PROVIDED INFORMATION —
□ □ □

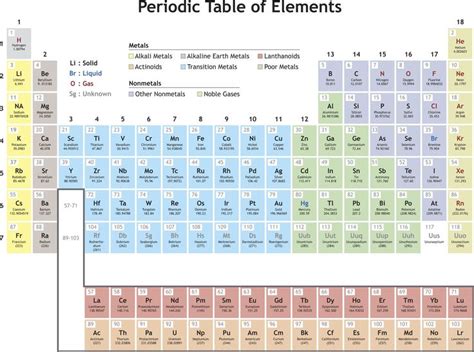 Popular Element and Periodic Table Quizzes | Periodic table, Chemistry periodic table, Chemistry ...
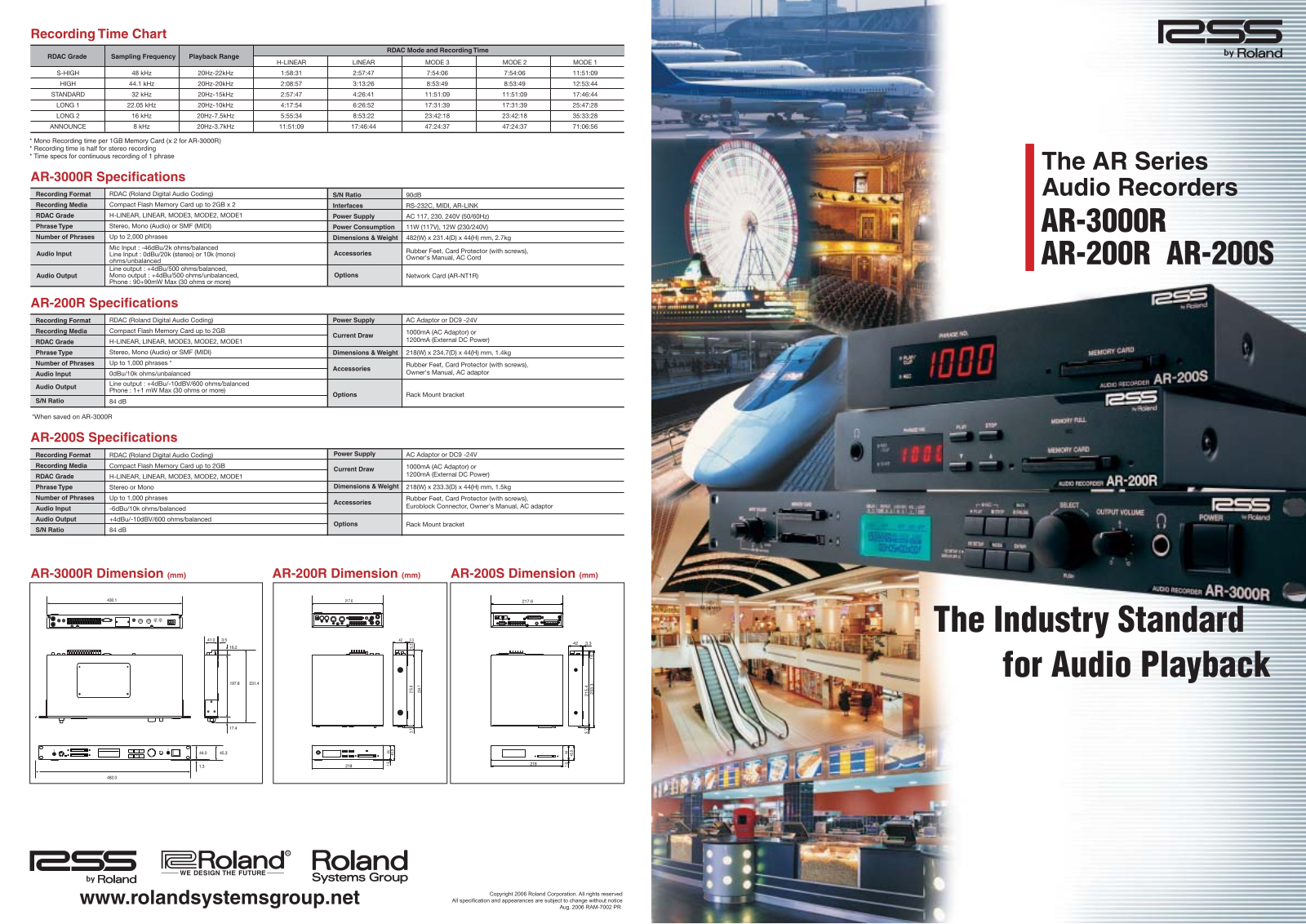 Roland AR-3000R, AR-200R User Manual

□ □ □

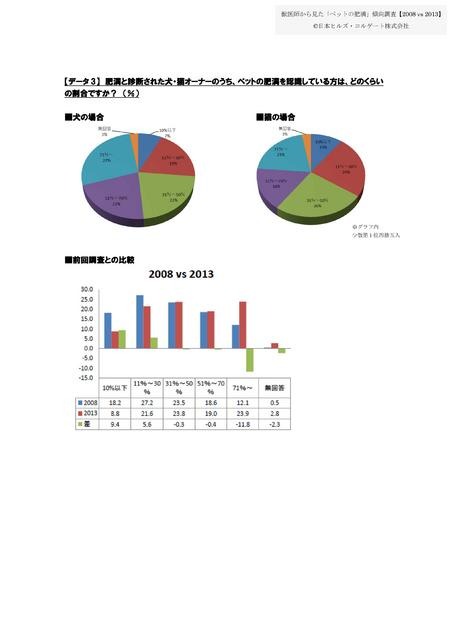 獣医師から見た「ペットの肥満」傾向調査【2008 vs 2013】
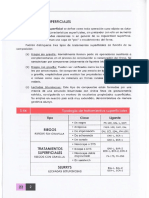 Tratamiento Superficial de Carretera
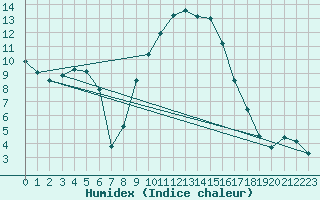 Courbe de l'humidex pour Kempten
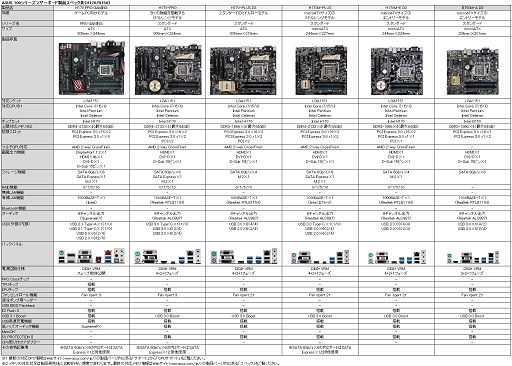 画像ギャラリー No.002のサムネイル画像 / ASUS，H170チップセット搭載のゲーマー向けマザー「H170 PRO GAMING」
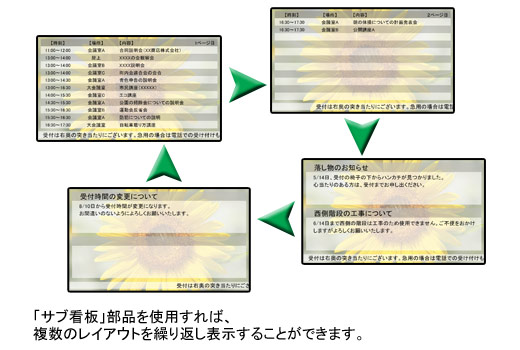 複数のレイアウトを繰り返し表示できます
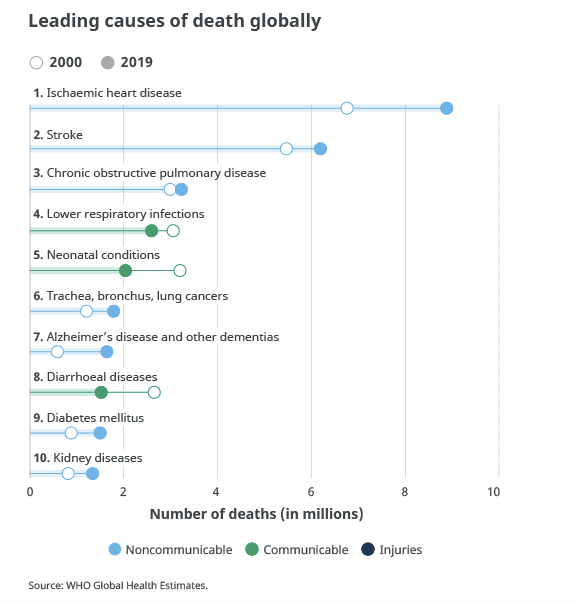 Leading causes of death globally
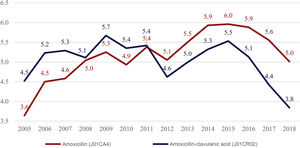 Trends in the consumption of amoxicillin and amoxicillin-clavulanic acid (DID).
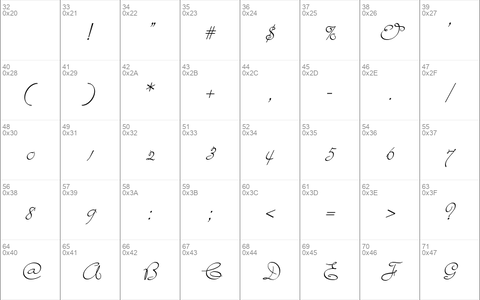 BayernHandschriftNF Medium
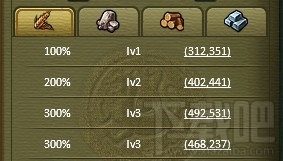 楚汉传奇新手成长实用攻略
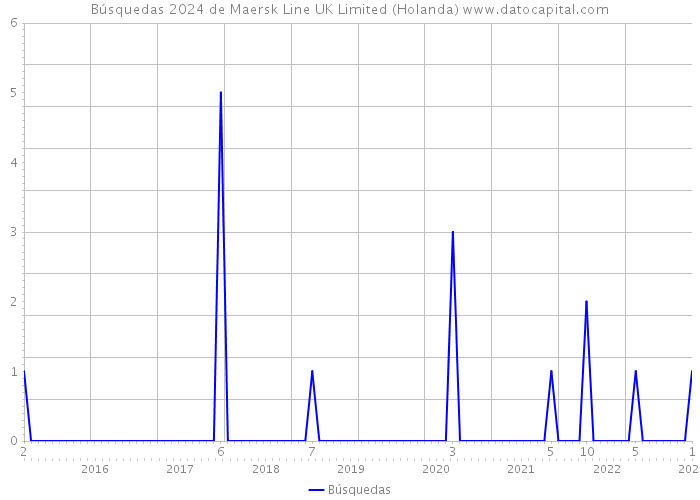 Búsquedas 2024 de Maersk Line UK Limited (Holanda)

□ □ □

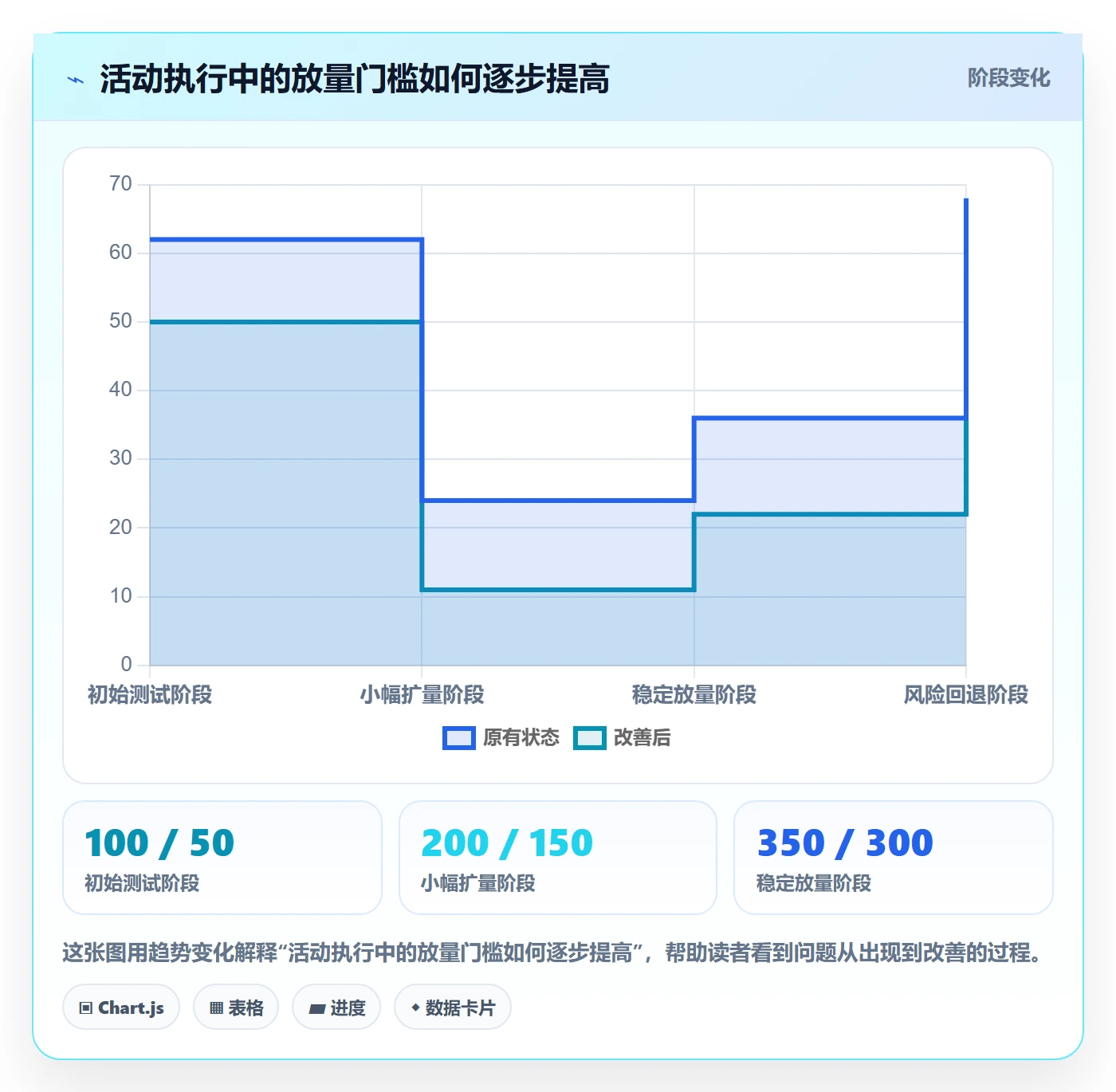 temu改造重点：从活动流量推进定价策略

□ □ □

TRY IT — Would you write out exactly the lines above, starting at the line containing "BayernHandschriftNF Medium" and stopping after the line containing "Búsquedas 2024 de"? Omit the pictures.

SOLUTION TO THIS PROBLEM —
 BayernHandschriftNF Medium
 楚汉传奇新手成长实用攻略
 Búsquedas 2024 de Maersk Line UK Limited (Holanda)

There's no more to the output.